At least one of the removed podcasts pointed somewhere law enforcement was already looking. A show the committee flagged in July 2025—listed under a string of nonsense characters and titled to advertise a “licensed online vendor”—linked to a site called Opioidstores.com. That domain was later seized by federal prosecutors in Brooklyn, working with the DEA, the FDA, and other agencies. Spotify removed the podcast but, by its own account, reported nothing.
Of the episodes Spotify removed, the company told the committee, 94 percent drew zero plays and 99 percent had fewer than 10. The shows were barely heard, because reaching Spotify’s audience was never the goal, according to the company, which says the actual payload was links buried in episode descriptions and cover art—an effort at exploiting Spotify’s standing with search engines to push illicit pharmacy and scam sites up Google’s rankings.
Play counts, though, only measure whether someone listened to the audio, and by Spotify’s own account, the audio was never the point. What the operators wanted was for listeners to click the links tucked into episode descriptions and cover art. And Spotify doesn’t track those clicks. The company told the committee it monitors link activity only for ads it was paid to run, not for links inside ordinary podcasts. Its numbers can show that almost no one pressed Play but cannot show how many people followed a link to a pharmacy or scam site.
The same fake drug series turned up well beyond Spotify.
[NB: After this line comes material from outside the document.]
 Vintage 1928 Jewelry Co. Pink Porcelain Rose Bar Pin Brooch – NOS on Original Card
Committee staff found copies on iHeart, Amazon Music, and Podchaser, several stamped with nearly identical 2021 upload dates. That overlap reflects how podcasting works. Shows are published once, and the various apps all pull from that single source. Removing it from one app does nothing to the original or to the copies running everywhere else.
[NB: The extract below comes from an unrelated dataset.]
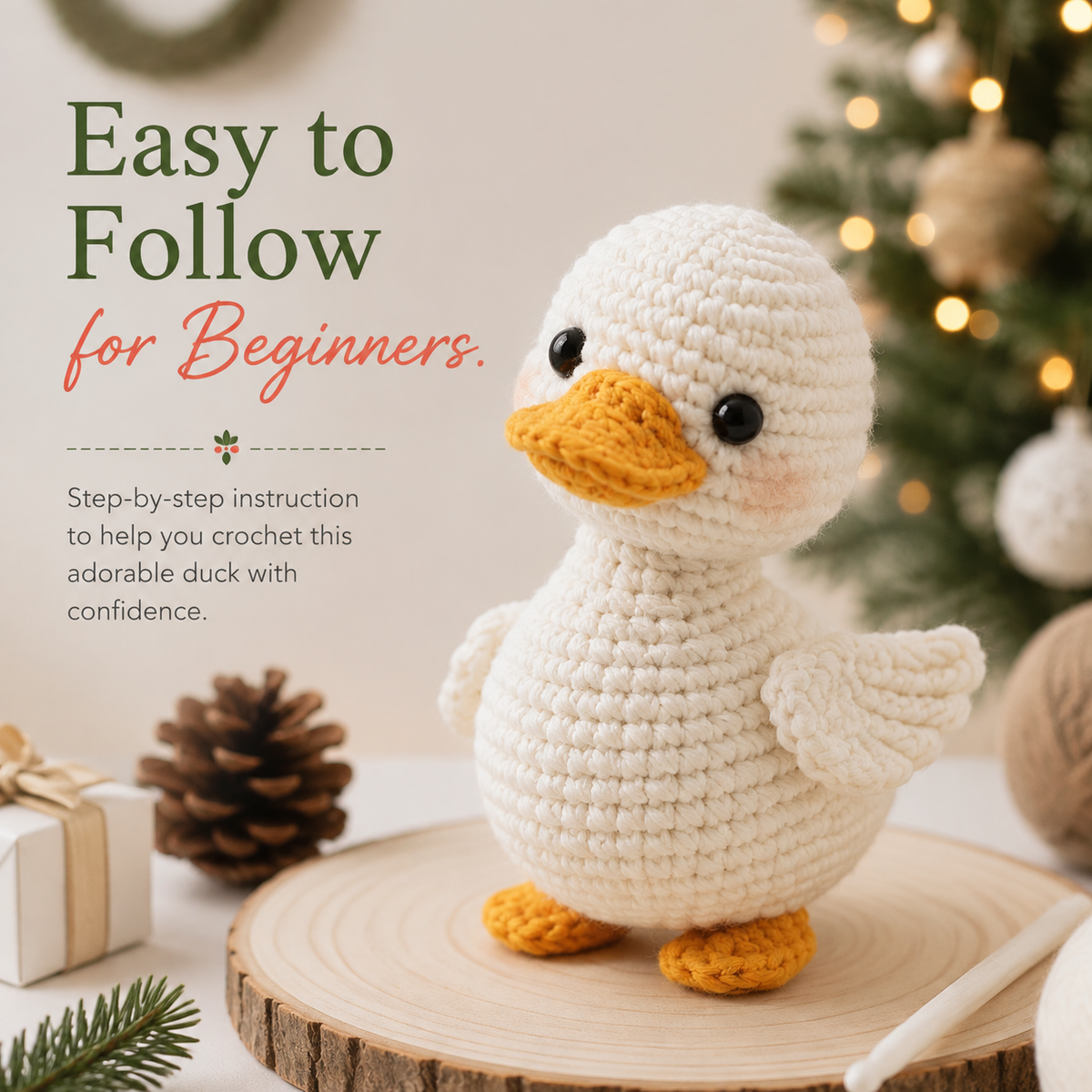 White Duck Crochet Kit with Orange Details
Amazon Music and Podchaser did not immediately respond to requests for comment; iHeartMedia could not be reached.
Spotify told the committee it has several systems for catching this content. The company keeps a list of drug names and street slang and uses software to spot when a banned user opens a new account. It also runs new and edited episodes through an AI filter before sending questionable ones to human reviewers.
The company pays an outside firm, LegitScript, to review podcasts, though only once every three months. Content that gets pulled is removed from search immediately, Spotify said. Anything still appearing in search results is there because it hasn’t found it to break the rules.
Much of this content is now generated by AI. The report points to services that market creative studios for AI podcasting—synthetic hosts, cloned voices, and a method for publishing straight to Spotify. In one case the committee flagged, an AI-generated podcast posing as a real psychiatrist ran episodes walking through benzodiazepines like midazolam and estazolam, drugs the DEA warns are misused by teenagers.
Spotify has built defenses against AI spam, though so far for music rather than podcasts.
In September 2025, Spotify announced new AI protections and said it had removed 75 million spam tracks over the previous year. It told the committee those measures were specific to music and that it has no policy against AI-generated podcasts. The report says a Spotify representative told committee staff the company is not well-positioned to identify AI-made content. A rival, iHeartMedia, went further in November, pledging that the podcasts it publishes are “guaranteed human.”
The problem does not stop at Spotify or even podcast platforms more broadly. The company told the committee that the same search-manipulation spam has spread across the internet, including onto local, state, and federal government websites. And as AI drops the cost of producing it, the content keeps surfacing wherever a trusted domain can be borrowed.